For biomedical applications, UCNPs designed with nanocomponents that are degradable and have small sizes of less than 5.5 nm required for kidney clearance are highly desirable. It is essential for the body that UCNPs be removed harmlessly from the body in a reasonable time after performing the diagnostic or therapeutic function. However, all existing UCNPs are chemically stable and physiologically inert crystal lattices.

In a previous study, biodegradable UCNCs K₃ZrF₇:Yb/Er were reported, but have disadvantages that the biodegradation time was only 8 hours and the upconversion luminescent (UCL) efficiency was very low. Therefore, it is necessary to design biodegradable UCNPs with the longest biodegradation time and high UCL efficiency.

SUMMARY

The disclosure is to provide a biodegradable upconversion nanoparticle (UCNP) with a long biodegradation time and high UCL efficiency for biomedical applications and a method for producing the same.

The aspect of the disclosure is not limited to that mentioned above, and other aspects not mentioned will be clearly understood by those skilled in the art from the description below.

According to an example, provided is a biodegradable upconversion nanoparticle with a core-double shell structure, including: a core layer; an inorganic host matrix outer shell layer; and a transition layer positioned between the core layer and the outer shell layer and functioning as an energy transfer network, wherein the core layer, the outer shell layer, and the transition layer include nanoparticles doped with lanthanide ions, and are biodegradable, and the size of the core layer is larger than the sizes of the outer shell layer and the transition layer.

The core of the upconversion nanoparticles (UCNPs) consists of a degradable Na₃ZrF₇matrix doped with Yb, Er/Tm, and Ca. This core emits upconversion luminescence (UCL) due to the activator ions Er/Tm, which are partially incorporated into the soft host matrix.

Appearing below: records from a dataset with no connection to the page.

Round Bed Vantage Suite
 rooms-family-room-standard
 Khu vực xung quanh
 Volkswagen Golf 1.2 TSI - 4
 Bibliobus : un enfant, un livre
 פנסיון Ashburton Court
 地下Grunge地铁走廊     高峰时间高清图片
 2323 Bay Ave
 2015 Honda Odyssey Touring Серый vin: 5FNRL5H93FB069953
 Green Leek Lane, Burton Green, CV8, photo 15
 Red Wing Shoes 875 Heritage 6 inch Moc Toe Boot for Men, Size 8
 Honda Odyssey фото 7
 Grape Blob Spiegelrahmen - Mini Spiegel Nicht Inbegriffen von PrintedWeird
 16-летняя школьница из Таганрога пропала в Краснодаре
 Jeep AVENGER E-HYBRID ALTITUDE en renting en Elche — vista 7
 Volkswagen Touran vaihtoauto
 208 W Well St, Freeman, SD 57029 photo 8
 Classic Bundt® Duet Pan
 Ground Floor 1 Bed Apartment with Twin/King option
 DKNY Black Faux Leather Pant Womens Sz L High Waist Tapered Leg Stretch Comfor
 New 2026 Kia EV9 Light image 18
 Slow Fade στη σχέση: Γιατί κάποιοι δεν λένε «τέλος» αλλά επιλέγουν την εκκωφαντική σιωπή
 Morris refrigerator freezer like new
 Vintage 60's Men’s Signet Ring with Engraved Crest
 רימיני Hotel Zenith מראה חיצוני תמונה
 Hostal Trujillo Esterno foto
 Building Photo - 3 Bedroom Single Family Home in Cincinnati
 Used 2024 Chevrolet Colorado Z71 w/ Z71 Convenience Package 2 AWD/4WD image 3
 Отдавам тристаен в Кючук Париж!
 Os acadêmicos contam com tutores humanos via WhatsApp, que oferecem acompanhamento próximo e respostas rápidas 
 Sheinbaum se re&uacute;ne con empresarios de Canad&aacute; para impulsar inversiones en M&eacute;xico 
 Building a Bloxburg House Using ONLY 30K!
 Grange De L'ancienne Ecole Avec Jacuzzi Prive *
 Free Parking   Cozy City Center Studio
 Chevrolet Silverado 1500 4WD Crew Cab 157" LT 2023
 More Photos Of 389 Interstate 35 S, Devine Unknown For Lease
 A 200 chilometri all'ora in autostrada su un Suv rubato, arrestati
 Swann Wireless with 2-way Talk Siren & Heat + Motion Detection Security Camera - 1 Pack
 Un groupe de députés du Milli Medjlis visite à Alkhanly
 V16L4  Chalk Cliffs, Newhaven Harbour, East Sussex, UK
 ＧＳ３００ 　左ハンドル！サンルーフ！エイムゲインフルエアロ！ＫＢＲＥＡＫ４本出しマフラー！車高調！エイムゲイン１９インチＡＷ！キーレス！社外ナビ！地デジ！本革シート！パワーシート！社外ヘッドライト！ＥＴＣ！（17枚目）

The middle layer, or transition layer, is composed of NaYF₄doped with Yb and Ca. The presence of a moderate concentration of Yb in this layer facilitates efficient energy migration between the outer shell and the degradable core, helping to prevent undesired quenching effects from Nd/Yb in the outer shell.

The outer shell layer features a high concentration of Nd/Yb sensitizers within a NaY/NdF₄matrix, also incorporating Ca. This composition is designed to absorb a high amount of near-infrared (NIR) radiation, thereby enhancing the UCL intensity.

According to another example, provided is a method for producing a biodegradable upconversion nanoparticle with a core-double shell structure, the method including: producing a first mixture by dissolving a calcium salt, a zirconium salt, and a lanthanide ion precursor in an organic solvent containing a fatty acid; dispersing the first mixture in an organic solvent containing cyclohexane; producing a second mixture by mixing a calcium salt, a yttrium salt, and a lanthanide ion precursor; adding the dispersed first mixture to the second mixture; and removing the solvent.

The lanthanide ion precursor may include two or more different lanthanide ion precursors.

The lanthanide ion precursor may include one represented by Chemical Formula 1:

Ln(CH₃COO) [Chemical Formula 1]

- (In Chemical Formula 1, Ln is La, Ce, Pr, Nd, Pm, Sm, Eu, Gd, Tb, Dy, Ho, Er, Tm, Yb, or Lu.)

According to an example, an upconversion nanoparticle with a new structure of a biodegradable core layer, a transition layer, and an active outer shell layer may be provided to be applied to biomedicine.

By means of such a structure, a long decomposition time and high luminescent efficiency are ensured, and thus the biodegradable upconversion nanoparticle may remain in an organism body for a long time to allow the effect to persist.

By including a sensitizer in the outer shell layer, the luminescent intensity is enhanced, and the transition layer acts as an efficient energy transfer network between the core layer and the outer shell layer to prevent an extinction effect.

The effects of the disclosure are not limited to the effects described above, and should be understood to include all effects that are inferable from the configuration of the disclosure described in the detailed description or claims of the disclosure.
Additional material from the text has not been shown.